The chief of the Banyumas Industry, Trade and Cooperatives
Office Budi Cahyono admitted a lack of batik industry progress in
his region, insisting that his office had tried hard to find a
way to put the industry back on track. One of the efforts was
through product diversification, he said.

The local goverment, Budi said, also had to work on developing
natural silk in the Kaliori region. In the long term, it is
expected that Banyumas batik can be produced on silk.

"But, there's a problem, mainly our lack of equipment to weave
silk," Budi said.

A craftsman like Slamet, however, found such an idea
unrealistic and unnecessary, insisting they only needed fresh
capital investment and easy access of raw materials in Banyumas.

Slamet, whose business has been running for generations, said
his business was still ok, despite the problems, with some 40
employees working for him. Each month he has the capacity to
produce some 2,000 pieces of printed batiks and an additional 400
pieces of hand-painted ones when the market is good.

"At present, the market for hand-painted batiks is slow so we
produce only about 40 pieces a month," said Slamet.

Hand-painted batik is sold at between Rp 60,000 and Rp 100,000
each while printed ones are sold for Rp 20,000 to Rp 50,000 each.
Prices depend on the manufacturing process; the more complicated,
the more expensive it is.

Historically, there is no clear information on the exact time
when Banyumasan batik first made, but many believe it has been
there since the 1800s. Some say the batik-making process started
with the existing customary law in the area while others believe
it was Pangeran Diponegoro who brought the tradition to the
region while he was involved in guerilla warfare against the
Dutch government of Java at the time.

In terms of motif, Banyumas batik does have some unique
characteristics. Jonasan and sosrok motifs were believed to be
the originated in Banyumasan and used to be very famous among
Banyumas batik lovers. Other Banyumas motifs were said to be
influenced by motifs from Pekalongan, Surakarta or Yogyakarta
batik, in efforts to meet market demands.

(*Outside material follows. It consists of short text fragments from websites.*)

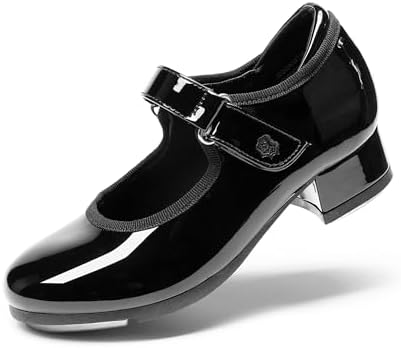 DREAM PAIRS Kids Tap Shoes for Girls Dance Shoes Boys Easy Strap Tap Mary Jane Flats PU Leather for Toddler/Little Kid/Big Kid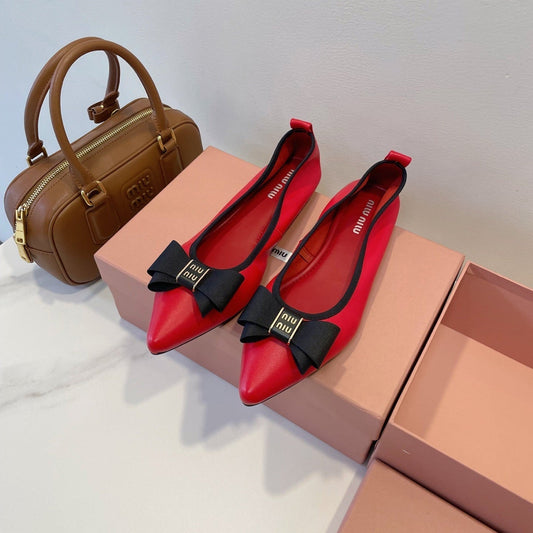 БАЛЕТКИ MIUMIU 26S З ЧЕРВОНОЇ ТЕЛЯЧОЇ ШКІРИ З БАНТОМ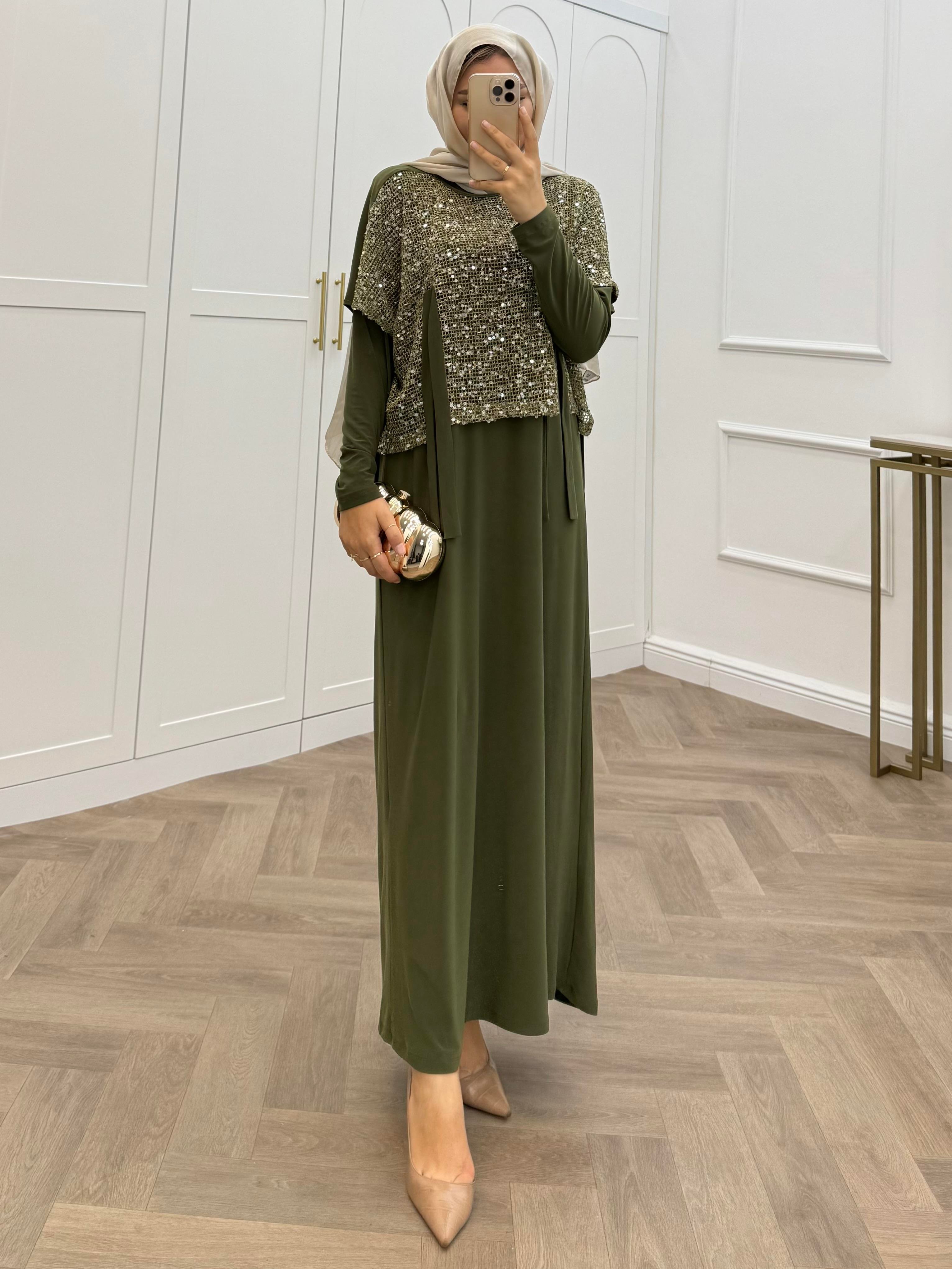 PAYETLİ İKİLİ SANDY ELBİSE HAKİ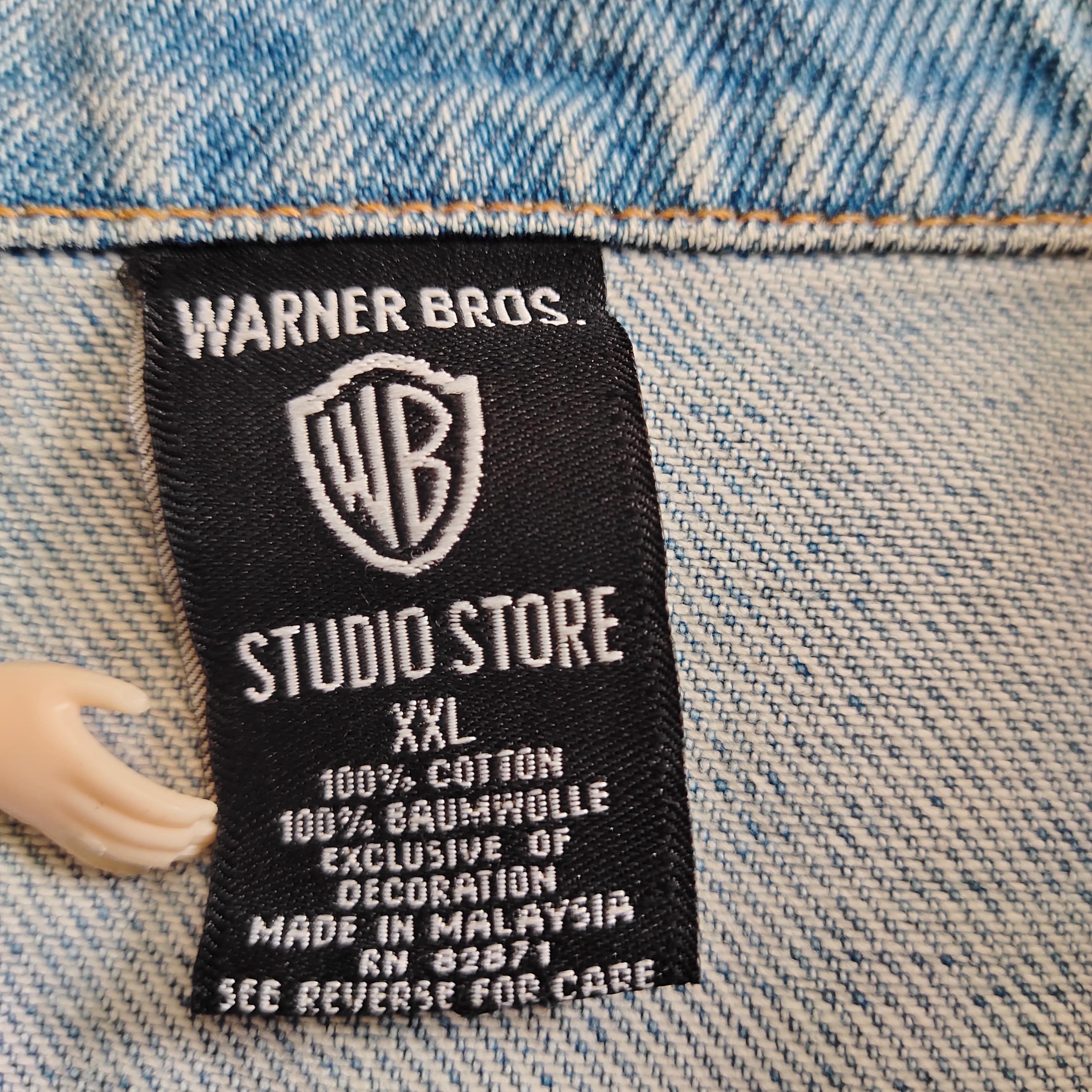 Vintage 90s Distressed Warner Bros Denim Jeans Jacket Warner Bros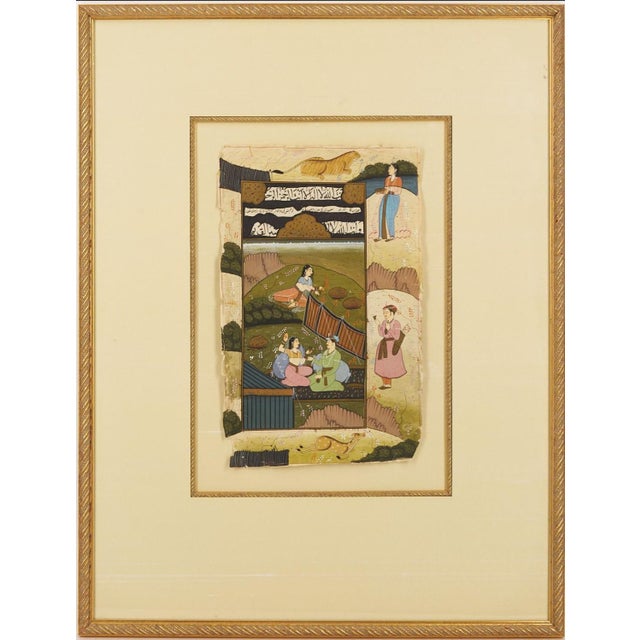 19th Century Indian Mughal Painted Manuscript Pages - Set of 3 For Sale - Image 4 of 10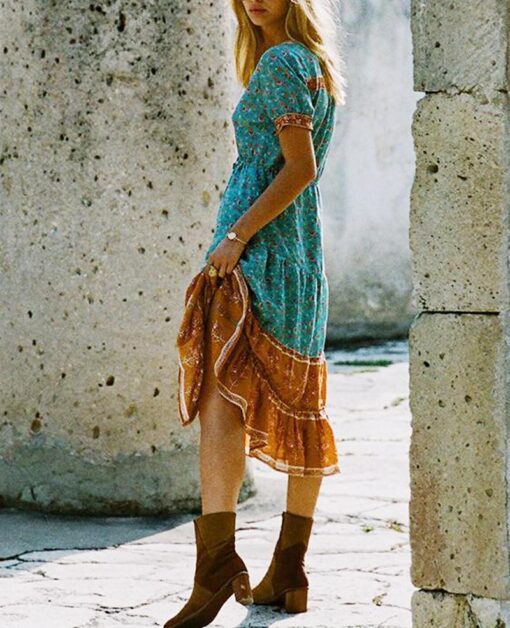 Robe Imprimée Florale Bohème Hippie – Image 2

Jonasan batik is classified into a non-geometric motif with
white or brownish white as a base color and brown and black for
the color. The motifs are usually derived from plants, flowers or
butterflies. The distinct characteristic of this batik motif lies
in the hem colors of either red or black that surround the
cloth's entire design.

Sosrok batik, on the other hand, is mostly characterized with
either straight lines (for sosrok garis) or a half-circle and
waving line (for sosrok ukel) motifs. The uniqueness of this
particular motif lies in the processing wherein the wax is
removed by scratching it from the cloth. Sosrok garis motif is
usually dominated by brownish yellow, brown, or black colors,
while sosrok ukel usually has white as it base color and is
therefore also called latar putih (white background) motif.

Other popular Banyumas batik designs include trem, or printed
batik, and modern or new style motif.

Trem, which has the base color of yellow with brown and black
for the colors of its motif, is grouped into geometrical
patterns. Modern or new style designs are usually hand-painted
with non-geometrical patterns like flowers, plants, leaves and
animal's wings and this particular motif usually uses more bright
colors like green, blue, violet and red.